When blood cultures were positive for MRSA, empirical antimicrobial therapy was suspended, and a narrow-spectrum therapy with linezolid and ceftaroline was started. Bronchoalveolar lavage and multiple tissue biopsies were also positive for MRSA. Panton–Valentine Leucocidin was not present. Pediatric surgeons were asked to evaluate the sore thigh, but neither radiologic findings nor clinical examination highlighted a suspected lesion that needed to be drained.
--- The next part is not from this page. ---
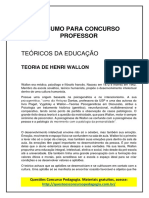 Resumo para Concurso Professor - Henri Wallon PDF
However, in the next few days, the clinical conditions did not improve. Bilateral pneumothorax occurred, and ultra-protective mechanical ventilation was instituted with extracorporeal CO2 removal (ECCO2-R). The start of ECCO2-R (blood flow 400 mL/min, fresh gas flow 15 L/min) allowed us to reduce driving pressure from 17 cmH2O to 13 cmH2O and minute ventilation from 11.5 L/min to 6 L/min. The impact on oxygenation was modest (PaO2/FiO2 ratio from 190 to 150 mmHg). Continuous renal replacement therapy (CRRT) was initiated for severe acute renal injury. Refractory fever was present despite extracorporeal circuits. Multiple serial blood cultures from all catheters placed on patients and from an extemporaneous peripheral venous sample were positive in at least two specimens from different sites for more than one week. Although the difference in time to positivity between peripheral and central venous catheters was always less than two hours, it was decided to replace the catheters seven days apart to exclude any residual suspicion of catheter-related bloodstream infection, but blood cultures sent subsequently were still positive. The infectious disease specialist recommended the implementation of daptomycin as a third-line targeted antibiotic therapy, given the patient’s ongoing critical condition. Serial therapeutic drug monitoring (TDM) for linezolid was performed, and continuous infusion was adjusted to 1800 mg/day.
Given the persistence of bacteriemia ten days after admission, it was decided to reassess the patient because of the suspicion of misdiagnosed septic foci. The multi-organ failure requiring high amine doses, CRRT, and ECCO2r did not allow for time-consuming methods such as MRI or long transports to the nuclear medicine department for a PET/CT scan, so it was decided to perform a whole-body CT scan to re-examine the lungs, but also to search for possible occult septic foci in the limbs and soft tissues. This new exam showed multiple abscess collections (lungs, limbs, and subscapular region). Thus, extensive surgical debridement was performed (Figure 1b). Notably, a thyroid abscess was also drained. The source control was achieved after a wide soft tissue debridement and serial Vacuum-Assisted Closure (VAC) therapies.
After two weeks of antibiotic therapy, thrombocytopenia occurred (Figure 2). As per the infectious disease specialist’s recommendation, linezolid was substituted with intravenous fosfomycin (after in vitro susceptibility confirmation). Fifteen days after hospitalization, blood cultures resulted negative, and no other infections were detected. Respiratory and renal function progressively improved, and ECCO2-R and CRRT were discontinued after 24 days of treatment. The patient progressively improved, and complete respiratory and hemodynamic weaning was achieved. The patient was extubated after 30 days. Antibiotic therapy was continued for 12 weeks, and no other complications occurred. Figure 3 and Table 1 summarize the timeline of this case.

3. Discussion

In this case report, we present the management of a diffuse SSTI caused by CA-MRSA complicated by septic shock and MOF in a young 15-year-old boy athlete. Among the multiple secondary foci, the finding of thyroid abscess was very peculiar. Antibiotic combination therapy and aggressive source control were cornerstones in the management of such a severe case. Some points in the management of this case are worth mentioning.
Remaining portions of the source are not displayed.